What pregnancy does to your pigment-making cells
Melanocytes. Your pigment factories. Get overstimulated during pregnancy when estrogen and progesterone surge. A hormone called alpha-MSH amplifies the signal even more. The combination is powerful.
Then sun hits. Those primed melanocytes deposit pigment unevenly. Usually on sun-exposed areas: forehead, upper lip, cheeks, chin. Which is why SPF matters more during pregnancy than any other time.
Genetics matter hugely. Women with darker skin types have more active melanocytes to start with and get hit harder. A family history of melasma roughly doubles your risk. Here's the surprise insight: this is partly why Black and brown women get melasma more often and it's harder to treat.
A 2024 network meta-analysis by Liang et al. in the Journal of Cosmetic Dermatology compared all major tranexamic acid delivery routes. Oral, topical, and intradermal, and found that oral TXA produced the greatest reduction in MASI (Melasma Area and Severity Index) scores across 24 included studies, followed by intradermal and topical application.
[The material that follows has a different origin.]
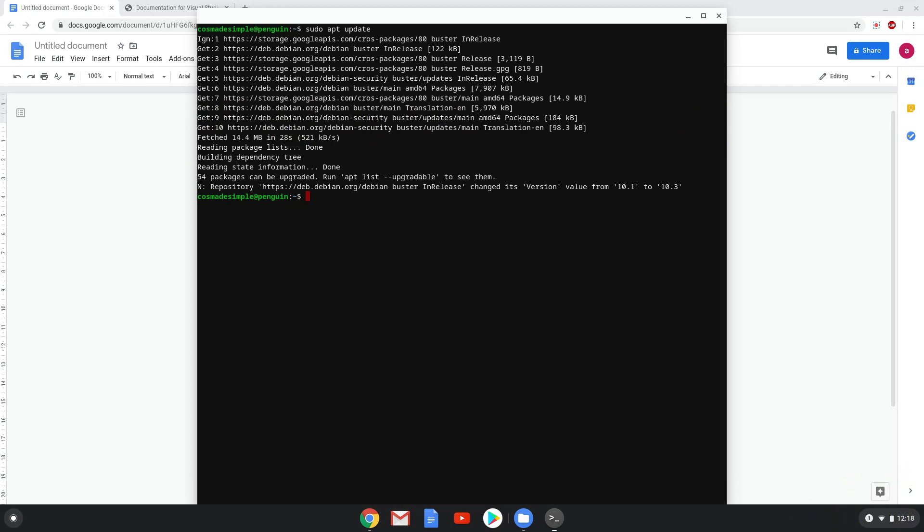Now we will install Visual Studio Code by pasting the second command into our terminal.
All three routes outperformed placebo.
What actually works, and what doesn't
SPF 50+ daily is non-negotiable. Without it, nothing else works. It's the only intervention that both prevents melasma and stops it from getting worse. Buying skincare without sunscreen wastes your money.
For active fading, azelaic acid 20% is the safest choice during pregnancy and after. It blocks tyrosinase, the enzyme that makes melanin. It's slower than other options but won't mess with your hormones or affect pregnancy. Much online advice recommends stronger treatments during pregnancy. Research supports waiting.
Reapply SPF every two hours when outdoors, and choose a mineral (zinc oxide or titanium dioxide) formula if your skin is reactive or inflamed. Mineral filters are less likely to trigger rosacea or sensitivity than chemical UV absorbers.
The hype vs. what's proven
Tranexamic acid has the strongest post-pregnancy evidence. It blocks the chemical signals that tell your skin to make more melanin. Research shows it really works, with consistent, measurable darkening reduction.
Hydroquinone 4% is the old standard and effective, but it's off-limits during pregnancy and breastfeeding. Long-term use can paradoxically darken skin. Use it only under a dermatologist's watch, for defined periods. Vitamin C has decent evidence as a sidekick treatment but works best with SPF, not solo.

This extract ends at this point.